(Task data)

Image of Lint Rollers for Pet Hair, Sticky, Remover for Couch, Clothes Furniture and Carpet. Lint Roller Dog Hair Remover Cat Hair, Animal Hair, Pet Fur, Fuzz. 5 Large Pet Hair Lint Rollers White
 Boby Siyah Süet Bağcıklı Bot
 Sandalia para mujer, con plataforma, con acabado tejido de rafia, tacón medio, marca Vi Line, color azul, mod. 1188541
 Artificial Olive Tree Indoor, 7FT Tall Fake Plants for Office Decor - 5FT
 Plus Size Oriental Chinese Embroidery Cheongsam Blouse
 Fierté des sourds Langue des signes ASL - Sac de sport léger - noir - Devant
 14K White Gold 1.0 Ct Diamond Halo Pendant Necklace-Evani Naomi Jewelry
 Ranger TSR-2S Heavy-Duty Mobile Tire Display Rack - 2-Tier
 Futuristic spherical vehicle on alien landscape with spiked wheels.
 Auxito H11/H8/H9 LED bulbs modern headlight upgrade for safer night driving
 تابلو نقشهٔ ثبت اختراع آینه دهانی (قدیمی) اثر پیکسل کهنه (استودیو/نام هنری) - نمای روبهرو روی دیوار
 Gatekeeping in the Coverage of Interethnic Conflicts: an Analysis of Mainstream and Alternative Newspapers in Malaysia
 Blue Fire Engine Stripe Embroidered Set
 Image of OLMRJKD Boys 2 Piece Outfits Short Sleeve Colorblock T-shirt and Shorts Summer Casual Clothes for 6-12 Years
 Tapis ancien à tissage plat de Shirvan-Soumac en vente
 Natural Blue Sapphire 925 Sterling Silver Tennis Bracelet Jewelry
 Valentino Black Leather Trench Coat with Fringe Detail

(End Task data)

Assignment: Nothing should be altered. Set down all the data again.

Solution to this task:
Image of Lint Rollers for Pet Hair, Sticky, Remover for Couch, Clothes Furniture and Carpet. Lint Roller Dog Hair Remover Cat Hair, Animal Hair, Pet Fur, Fuzz. 5 Large Pet Hair Lint Rollers White
 Boby Siyah Süet Bağcıklı Bot
 Sandalia para mujer, con plataforma, con acabado tejido de rafia, tacón medio, marca Vi Line, color azul, mod. 1188541
 Artificial Olive Tree Indoor, 7FT Tall Fake Plants for Office Decor - 5FT
 Plus Size Oriental Chinese Embroidery Cheongsam Blouse
 Fierté des sourds Langue des signes ASL - Sac de sport léger - noir - Devant
 14K White Gold 1.0 Ct Diamond Halo Pendant Necklace-Evani Naomi Jewelry
 Ranger TSR-2S Heavy-Duty Mobile Tire Display Rack - 2-Tier
 Futuristic spherical vehicle on alien landscape with spiked wheels.
 Auxito H11/H8/H9 LED bulbs modern headlight upgrade for safer night driving
 تابلو نقشهٔ ثبت اختراع آینه دهانی (قدیمی) اثر پیکسل کهنه (استودیو/نام هنری) - نمای روبهرو روی دیوار
 Gatekeeping in the Coverage of Interethnic Conflicts: an Analysis of Mainstream and Alternative Newspapers in Malaysia
 Blue Fire Engine Stripe Embroidered Set
 Image of OLMRJKD Boys 2 Piece Outfits Short Sleeve Colorblock T-shirt and Shorts Summer Casual Clothes for 6-12 Years
 Tapis ancien à tissage plat de Shirvan-Soumac en vente
 Natural Blue Sapphire 925 Sterling Silver Tennis Bracelet Jewelry
 Valentino Black Leather Trench Coat with Fringe Detail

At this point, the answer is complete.